(M. Sconcerti) – Non ci sono stati finora acquisti che abbiano cambiato le gerarchie. Si è girato molto intorno ai particolari, non alla sostanza. La cosa straordinaria è stato il numero dei giocatori trattati. Secondo uno studio uscito l’8 agosto scorso, le squadre di serie A hanno trattato nel complesso 1.152 giocatori, i tedeschi 315, gli inglesi 207, gli spagnoli 284. La cosa è spiegabile con la povertà: in Italia si parla di più con tutti perché si cerca di spendere meno degli altri, si amplia cioè il mercato. Questa parziale povertà corrisponde alla fine di una lunga fase non industriale del calcio, cioè il vecchio mecenatismo. I presidenti coprivano i debiti con gli incassi delle loro attività prevalenti, quelle fuori dal calcio.
Oggi i soldi da investire non vengono da surplus finanziari ma dalle banche. Sono soldi sempre eventualmente a perdere, ma sempre e comunque da restituire. La nuova condanna al bilancio ci ha impoverito in Europa, ma ha aperto nuove possibilità in Italia. Se nessuno è davvero ricco, diventa fondamentale la bravura nello scegliere i giocatori. Diventano decisivi meriti che decisivi sono stati raramente, chiusi dalle singole forze economiche. Parlando del futuro che comincia sabato non si può dunque che ricominciare dal passato. Il vero cambiamento lo ha fatto la Juventus passando da Conte ad Allegri e rimanendo sola davanti al peso di vincere per la quarta volta. La squadra è la stessa, sono cambiati alcuni giocatori della panchina comunque importanti (Evra, Romulo, Pereyra).
Sostanzialmente uguale anche la Roma. C’è Iturbe al posto di Lijaic, è partito Benatia ed è arrivato un altro buon difensore, Manolas. Da vedere se resterà Destro. Si è in sostanza rafforzata la cornice, non dato altra vita ai colori del quadro.

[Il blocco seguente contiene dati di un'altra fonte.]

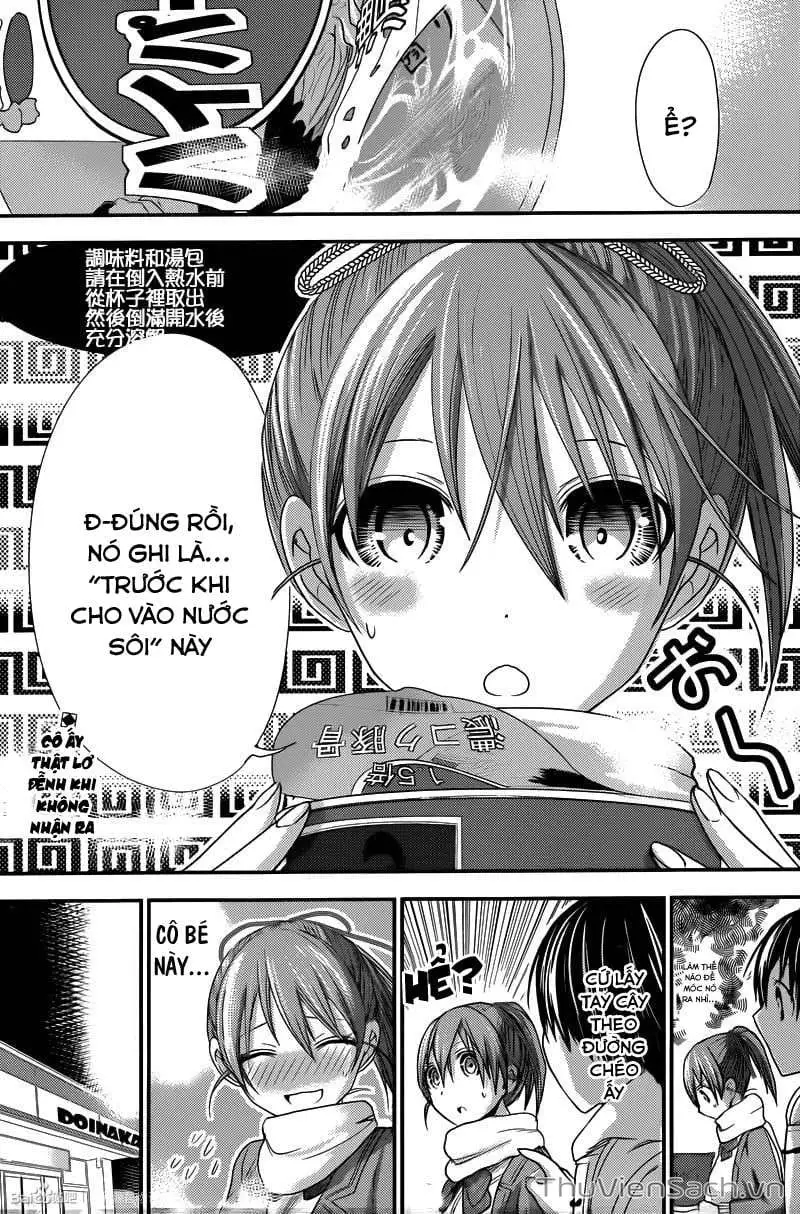 Truyện Tranh Chuyện Chàng Minamoto trang 6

Stessa cosa per il Napoli che è già al suo top con questi uomini. Dipende dai quattro attaccanti, la fortuna semmai è di averli già saputi mettere insieme. De Guzman al posto di Inler a mio avviso cambia poco. Ha costruito di più l’Inter, anche se lavorando quasi soltanto sui prestiti. Il che significa che se andasse bene, la prossima estate bisognerebbe spendere molto solo per confermare questa squadra. A me sembra che l’Inter sia quella ad aver fatto il passo più lungo, si è messa finalmente in condizione di usare la qualità di Hernanes-Kovacic e dei suoi attaccanti. Se quella qualità saprà venire fuori. Non è forse da scudetto, ma nessuna squadra lo è davvero. Tutte, anche le migliori, sono legate a scommesse proprie e all’incompletezza delle altre. Questo equilibrio è il vero regalo offertoci dai pochi soldi attuali. Il Milan sembra avere energia e confusione, è una squadra messa insieme più secondo occasione che volontà. Niente a che vedere con il passato, è anzi quella che paga di più il passaggio dal mecenatismo alla fase industriale, però è il Milan, ed è dentro un campionato di tutti e di nessuno.
Se devo essere sincero, non vedo una squadra completa, ma qualcuno lo diventerà per strada calibrandosi meglio sugli avversari. Direi la Roma, ma è un oro fin troppo evidente, potrebbe perdersi. Altrimenti Juve o Inter. Per la prima volta dopo tanto tempo torneranno a essere importanti i giovani. Ce ne sono di italiani e stranieri (Kovacic, El Shaarawy, Iturbe, Ucan, Babacar, Bernardeschi, Icardi, Cristante, Gabbiadini, Berardi, Keita, Destro), la loro crescita in corso d’opera può essere determinante. Non mi fascerei invece la testa per Conte e la Nazionale. Dal 2006 a oggi, nei gironi di qualificazione a Europei e Mondiali, abbiamo perso una sola partita (con la Francia a Parigi il 6 settembre 2006). E solo di qualificazioni parleremo nei prossimi due anni.